Exercise directions - Leave out every line that comes before the one containing "Приехала за мужем", and reproduce the rest of the listing below exactly, through its last line.

START Source data

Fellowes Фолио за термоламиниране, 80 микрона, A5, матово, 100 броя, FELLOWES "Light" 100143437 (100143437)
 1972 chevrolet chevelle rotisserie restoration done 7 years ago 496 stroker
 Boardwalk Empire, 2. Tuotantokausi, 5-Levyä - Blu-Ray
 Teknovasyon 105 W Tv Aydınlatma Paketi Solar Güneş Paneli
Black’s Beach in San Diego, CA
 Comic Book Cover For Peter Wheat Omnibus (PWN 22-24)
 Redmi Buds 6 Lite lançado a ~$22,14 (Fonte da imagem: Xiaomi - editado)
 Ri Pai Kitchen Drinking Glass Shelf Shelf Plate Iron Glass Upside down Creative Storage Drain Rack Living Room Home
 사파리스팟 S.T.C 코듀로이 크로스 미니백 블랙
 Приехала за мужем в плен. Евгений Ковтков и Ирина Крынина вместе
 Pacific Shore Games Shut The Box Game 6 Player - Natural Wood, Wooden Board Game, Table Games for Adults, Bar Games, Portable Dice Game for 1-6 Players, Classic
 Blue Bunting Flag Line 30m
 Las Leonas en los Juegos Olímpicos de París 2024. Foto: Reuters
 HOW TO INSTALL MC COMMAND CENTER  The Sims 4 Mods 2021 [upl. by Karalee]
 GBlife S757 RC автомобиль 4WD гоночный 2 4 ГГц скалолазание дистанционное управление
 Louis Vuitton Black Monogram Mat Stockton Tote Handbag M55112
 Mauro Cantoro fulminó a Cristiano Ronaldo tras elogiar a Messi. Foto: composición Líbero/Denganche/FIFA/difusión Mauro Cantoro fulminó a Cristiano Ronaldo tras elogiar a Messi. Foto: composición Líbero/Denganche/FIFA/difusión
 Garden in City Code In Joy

END Source data

Answer space -
 Приехала за мужем в плен. Евгений Ковтков и Ирина Крынина вместе
 Pacific Shore Games Shut The Box Game 6 Player - Natural Wood, Wooden Board Game, Table Games for Adults, Bar Games, Portable Dice Game for 1-6 Players, Classic
 Blue Bunting Flag Line 30m
 Las Leonas en los Juegos Olímpicos de París 2024. Foto: Reuters
 HOW TO INSTALL MC COMMAND CENTER  The Sims 4 Mods 2021 [upl. by Karalee]
 GBlife S757 RC автомобиль 4WD гоночный 2 4 ГГц скалолазание дистанционное управление
 Louis Vuitton Black Monogram Mat Stockton Tote Handbag M55112
 Mauro Cantoro fulminó a Cristiano Ronaldo tras elogiar a Messi. Foto: composición Líbero/Denganche/FIFA/difusión Mauro Cantoro fulminó a Cristiano Ronaldo tras elogiar a Messi. Foto: composición Líbero/Denganche/FIFA/difusión
 Garden in City Code In Joy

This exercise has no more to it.